Notes for teachers

I always get a little sentimental this time of year, autumn and back-to-school time. It seems like a fresh beginning. But this year, that sentiment is bittersweet, after the near-death blow the plunging state budget dealt to education at all levels. The sad thing is, education seems always to be on the short end of the spending curve in this state, even in good times. And, speaking as a long-time educator, this lack of consistent support is pretty demoralizing. So today, I thought I would send out a boost to all my colleagues in the classroom, and to all the young folks out there contemplating a career in education.

We teachers labor almost entirely on hope and faith. We write our syllabi, plan our lessons, and grade students’ work on the hope and faith that somewhere, something that we say will reach into the minds of our charges and light a spark. Many of us carry on in this labor in the face of fairly consistent evidence that our hope and faith is unjustified. Each semester we feel energized at the beginning, but our energy saps as student papers and exams return mediocre results. Oh yes, of course, there are some who shine. But how many actually latch on to the things we say and run with them?

It may—probably does—happen far more than we know. Months later the former student has an “aha!” moment. But we almost never know about that. Sometimes, a student will come back and thank us but far more carry on in the world, and we carry on in our classrooms, ignorant of the real impact that we have. And that impact is often the result of something fleeting—a chance comment or serendipitous connection that may be quite different from the main points, concepts or skills we thought we were teaching. Regardless of how thoughtfully or carefully we build our courses, what emerges from our work is highly unpredictable, tangential and circumstantial—because it is always contingent on the minds and hearts of the students we teach, and their experiences, their worlds.

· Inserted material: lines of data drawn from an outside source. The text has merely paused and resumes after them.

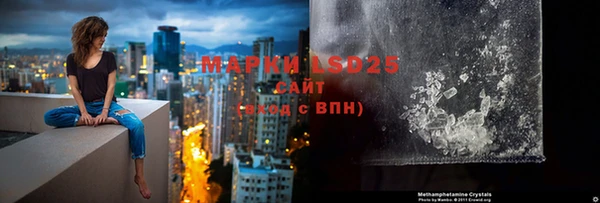 бошки Дмитров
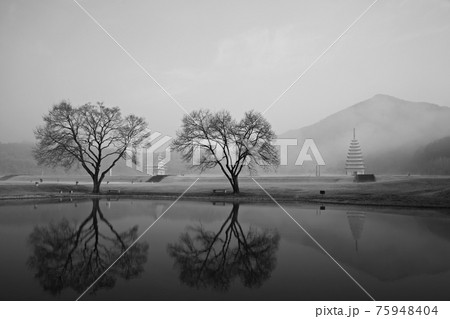 樹木 霧 湖 75948404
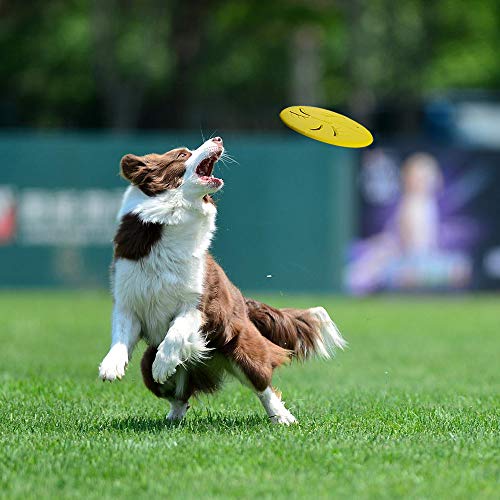 Indestructible Dog Flying Disc, Interactive Dog Flyer Toys, Soft Lightweight Catch and Fetch Toys for Medium Large Dogs, Floats in Water & Safe on Teeth, 9 inch (Large, Purple) - color: Purple, size: Large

So I am tremendously grateful for the occasional opportunity to witness a spark that fanned into a fire in my own students’ work. It is a rare gift, as a teacher, to experience the affirmation of that hope and faith in such a dramatic way. It is important to recognize those moments because they show that what we as teachers do matters immensely. We do not often get to see it—in fact, normally don’t. And we live in a country with a strong anti-intellectual streak, and a state within that country whose governor openly and offensively demeans and diminishes the work of educators. With so little evidence of the success of our labor, and so much evidence of the disdain of our society, being a teacher can be a pretty depressing career. I hope you can take these words and remind yourselves of the absolutely wonderful parts of our work, the essential, if always maddeningly unpredictable and tangential nature of this labor, and celebrate it.